The combination of traditional financial compliance entry points and native crypto performance advantages forms a diverse competitive landscape for prediction markets.

On the surface, prediction markets resemble gambling, but fundamentally they are zero-sum games. The core difference lies in whether they generate positive externalities: by aggregating dispersed information through real-money trading to publicly price real-world events, forming valuable signals. The trend is shifting from mere betting to a “Global Truth Layer”—with institutions like CME and Bloomberg participating, event probabilities are becoming decision-making metadata that can be directly queried by financial and corporate systems, providing more timely and quantifiable market-based truths.

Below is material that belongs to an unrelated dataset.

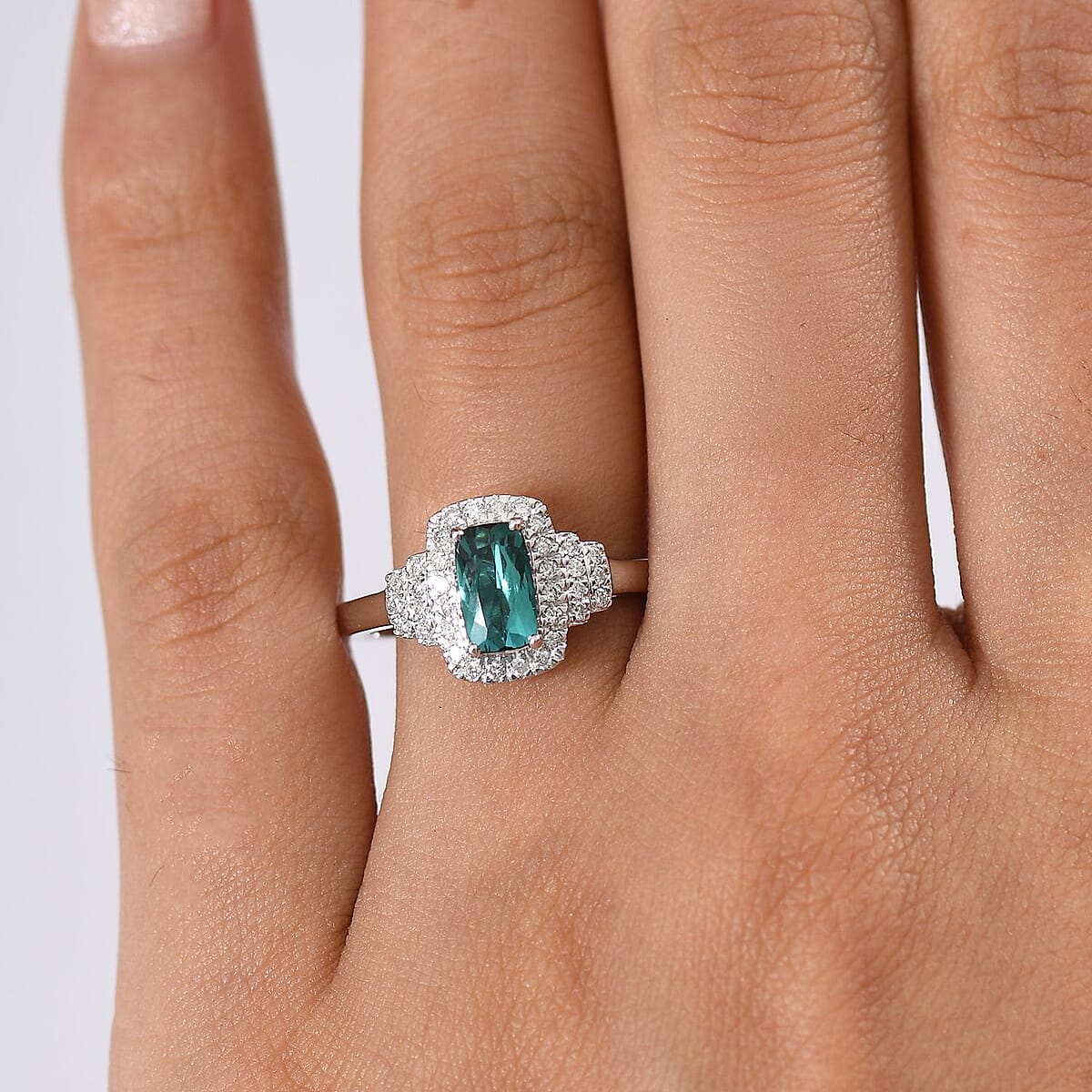 Certified & Appraised Luxoro AAA Monte Belo Indicolite and G-H I2 Diamond 1.27 ctw Ring in 10K White Gold (Size 8.0) image number 2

Globally, prediction market regulation is highly fragmented. The US is the only major economy explicitly regulating prediction markets as financial derivatives. Europe, the UK, Australia, Singapore tend to view them as gambling and tighten regulation. China and India prohibit them outright. Future global expansion depends heavily on each country’s regulatory framework.

2. Architecture Design of Prediction Market Agents

Currently, Prediction Market Agents are in early practice stages. Their value isn’t about “more accurate AI predictions,” but about amplifying information processing and execution efficiency within prediction markets. Prediction markets are fundamentally information aggregation mechanisms, with prices reflecting collective probability judgments. Market inefficiencies mainly stem from information asymmetry, liquidity, and attention constraints. The ideal role of prediction market agents is Executable Probabilistic Portfolio Management: converting news, rule texts, and on-chain data into verifiable pricing deviations, executing strategies faster, more disciplined, and at lower costs, capturing structural opportunities through cross-platform arbitrage and portfolio risk management.

An ideal prediction market agent can be abstracted into four layers:

  • Information Layer: aggregating news, social data, on-chain and official data;
  • Analysis Layer: using LLMs and ML to identify mispricings and compute edges;
  • Strategy Layer: translating edges into positions via Kelly, batch sizing, and risk controls;
  • Execution Layer: completing multi-market orders, slippage and gas optimization, and arbitrage execution, forming an efficient automated closed loop.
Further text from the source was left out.